So often investors and entrepreneurs look at the wrong financial numbers and ratios when analysing companies. They focus obsessively on the latest year’s pre-tax profits, or perhaps post-tax earnings. But these can often be manipulated, or temporary. What matters much more are underlying sales, strong gross margins and free cash flow. Study these numbers over several years to see if a business really owns a solid franchise.
When an enterprise enjoys consistently solid sales as a percentage of capital employed, and high gross margins, then it should by rights make a decent bottom line and an attractive return on investment. And by high gross margins, I mean 60 per cent or more. Companies that enjoy this scale of margins – and keep their fixed costs within reasonable boundaries – should prosper.
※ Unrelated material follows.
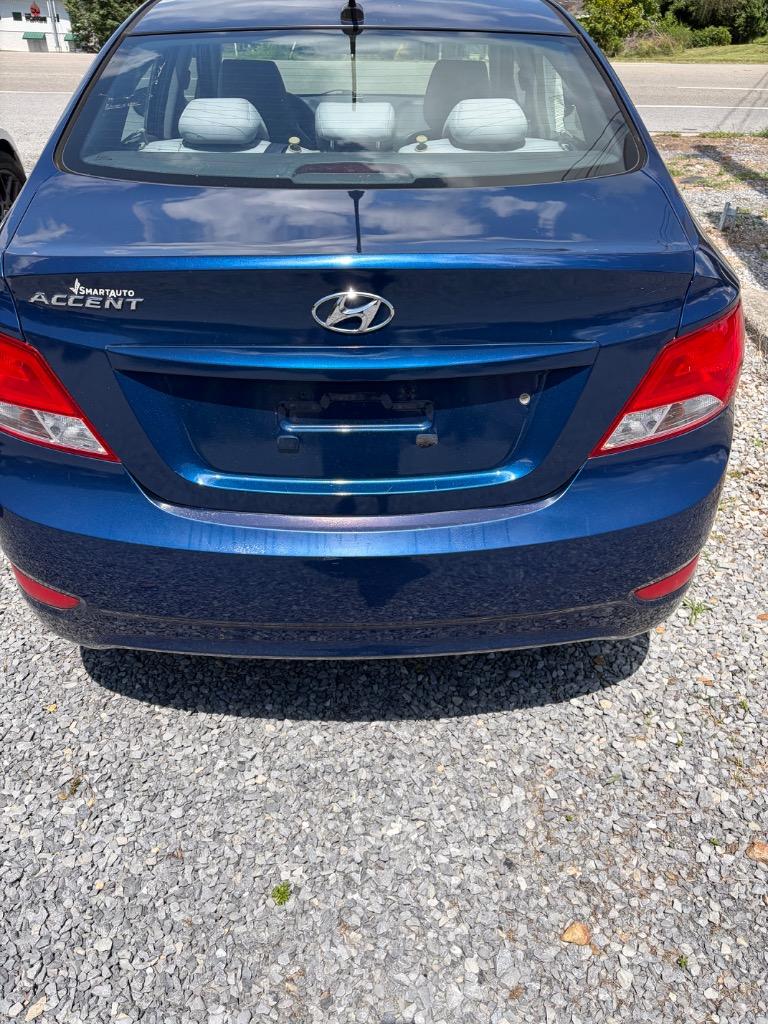 2017 Hyundai Accent - $7,200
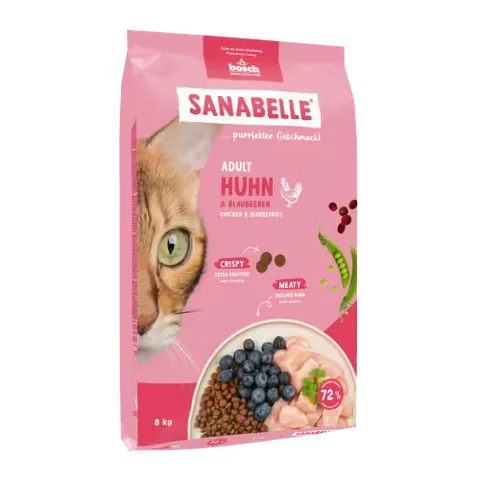 Hrana Uscata pentru Pisici Sanabelle Adult Pui 8kg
Of course, companies with huge mark-ups over their raw costs are more vulnerable to being undercut by discounters. But it is always better to start with a lot of margin than a low gross margin. When I was involved with PizzaExpress and Strada, I learnt that the pizza business offers spectacular margins, better than anything else in the restaurant trade. Given the way menu prices have risen relentlessly, the major chains must enjoy gross margins of at least 80 per cent on their pizza, or a mark-up of 400 per cent over cost. Yet surprisingly, no one has come in to undercut them and offer a comparable product at half the price.